Uploading and Downloading Files with Flask - python

I'm trying to write a really simply webapp with PythonAnywhere and Flask that has lets the user upload a text file, generates a csv file, then lets the user download the csv file. It doesn't have to be fancy, it only has to work. I have already written the program for generating the csv from a txt file on the drive.
Right now, my function opens the file on the drive with:
with open(INPUTFILE, "r") as fname:
and writes the csv with:
with open(OUTPUTFILE, 'w') as fname:
with INPUTFILE and OUTPUTFILE being filename strings.
Would it be better for me to handle the files as objects, returned by the flask/html somehow?
I don't know how to do this. How should I structure this program? How many HTML Templates do I need? I would prefer to work on the files wihthout saving them anywhere but if I have to save them to the PythonAnywhere directory, I could. How can I do that?

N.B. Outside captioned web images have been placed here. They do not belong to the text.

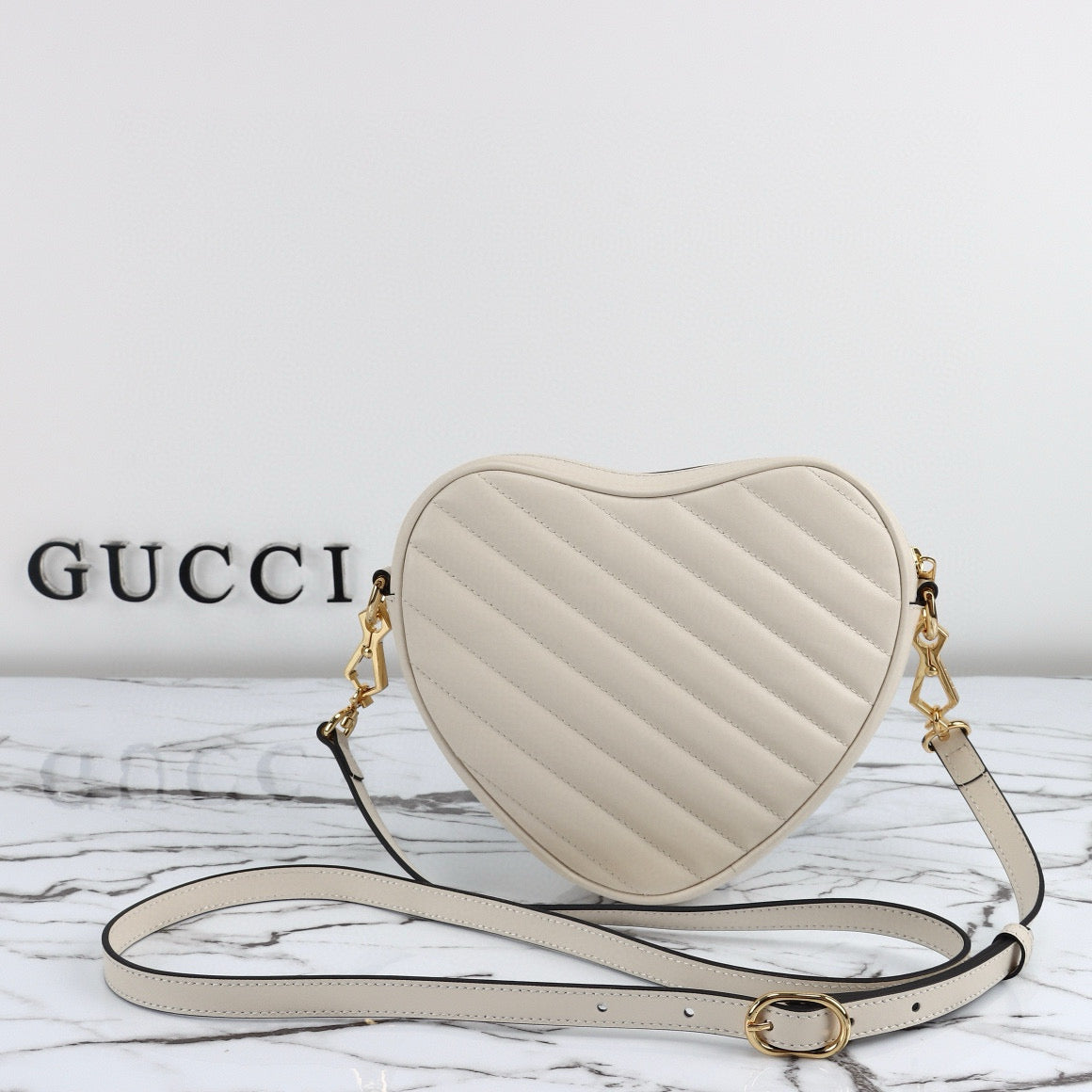 Mini Bolso Gucci GG Marmont Corazón Acolchado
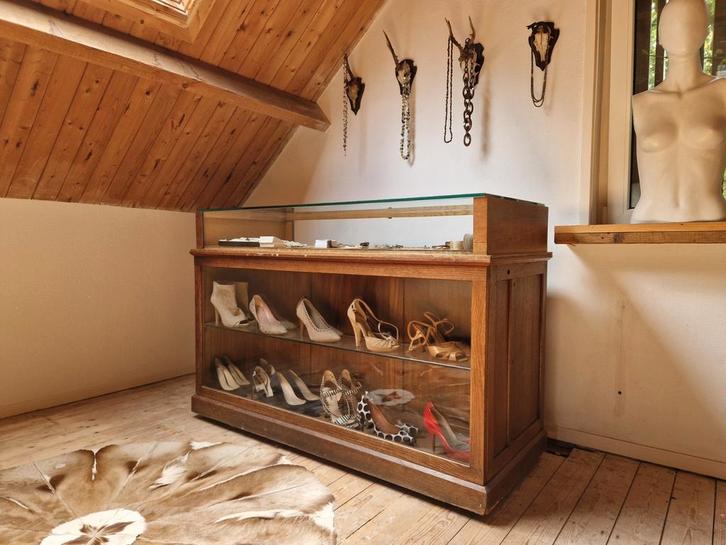 Vintage vitrinekast met lades, Huis en Inrichting, Kasten | Overige, Gebruikt, Ophalen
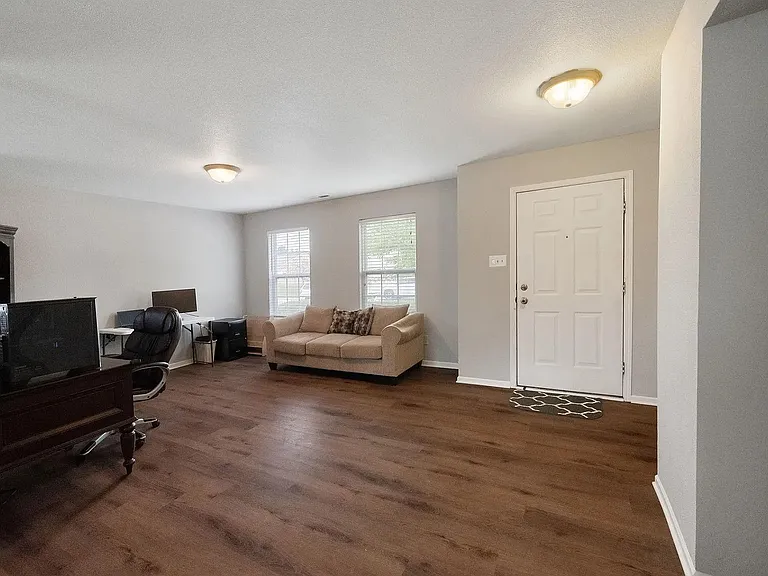 4898 Little Pine Dr — Photo 16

PythonAnywhere dev here. This is a good question about Flask and web development in general rather than specific to our system, so I'll try to give a generic answer without anything specific to us :-)
There are a few things that I'd need to know to give a definitive answer to your question, so I'll start by listing the assumptions I'm making -- leave me a comment if I'm wrong with any of them and I'll update the answer appropriately.
I'm assuming that the files you're uploading aren't huge and can fit into a reasonable amount of memory -- let's say, smaller than a megabyte.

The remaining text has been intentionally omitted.